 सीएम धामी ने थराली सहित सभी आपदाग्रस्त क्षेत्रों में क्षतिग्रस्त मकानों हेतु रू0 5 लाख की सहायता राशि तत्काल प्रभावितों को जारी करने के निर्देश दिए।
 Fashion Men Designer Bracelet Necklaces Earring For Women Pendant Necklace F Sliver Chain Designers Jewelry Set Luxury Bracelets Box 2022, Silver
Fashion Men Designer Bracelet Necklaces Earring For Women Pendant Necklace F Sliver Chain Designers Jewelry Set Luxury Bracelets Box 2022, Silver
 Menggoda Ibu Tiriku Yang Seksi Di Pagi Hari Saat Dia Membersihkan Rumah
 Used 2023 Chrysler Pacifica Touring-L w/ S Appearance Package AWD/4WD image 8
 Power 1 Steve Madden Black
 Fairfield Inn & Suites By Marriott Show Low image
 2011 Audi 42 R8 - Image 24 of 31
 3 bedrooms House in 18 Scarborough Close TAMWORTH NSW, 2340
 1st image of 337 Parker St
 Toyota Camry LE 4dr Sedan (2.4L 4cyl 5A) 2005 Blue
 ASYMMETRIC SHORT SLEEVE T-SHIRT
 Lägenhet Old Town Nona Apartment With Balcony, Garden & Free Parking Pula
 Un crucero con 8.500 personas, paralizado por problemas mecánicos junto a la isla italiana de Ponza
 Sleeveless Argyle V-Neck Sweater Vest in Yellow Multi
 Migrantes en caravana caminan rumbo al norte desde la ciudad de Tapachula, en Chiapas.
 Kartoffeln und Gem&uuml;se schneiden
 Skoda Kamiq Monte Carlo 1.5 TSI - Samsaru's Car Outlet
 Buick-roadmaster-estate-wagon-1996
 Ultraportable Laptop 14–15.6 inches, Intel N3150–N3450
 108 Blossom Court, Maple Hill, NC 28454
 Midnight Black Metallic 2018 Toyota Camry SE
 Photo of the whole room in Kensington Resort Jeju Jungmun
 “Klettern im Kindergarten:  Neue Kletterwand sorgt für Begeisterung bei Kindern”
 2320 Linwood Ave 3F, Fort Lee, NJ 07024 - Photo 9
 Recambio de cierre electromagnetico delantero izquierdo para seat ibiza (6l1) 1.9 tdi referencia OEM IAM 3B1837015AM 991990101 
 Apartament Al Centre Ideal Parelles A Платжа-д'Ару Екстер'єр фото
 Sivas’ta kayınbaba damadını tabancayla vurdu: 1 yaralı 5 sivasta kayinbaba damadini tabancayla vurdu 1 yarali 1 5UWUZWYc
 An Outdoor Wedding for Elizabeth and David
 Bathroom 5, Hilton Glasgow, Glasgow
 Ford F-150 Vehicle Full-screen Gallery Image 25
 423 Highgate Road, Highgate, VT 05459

__PROBLEM TO WORK ON__.
Among the lines above, return those that contain the string "Pendant".

__YOUR RESPONSE__.
 Fashion Men Designer Bracelet Necklaces Earring For Women Pendant Necklace F Sliver Chain Designers Jewelry Set Luxury Bracelets Box 2022, Silver
Fashion Men Designer Bracelet Necklaces Earring For Women Pendant Necklace F Sliver Chain Designers Jewelry Set Luxury Bracelets Box 2022, Silver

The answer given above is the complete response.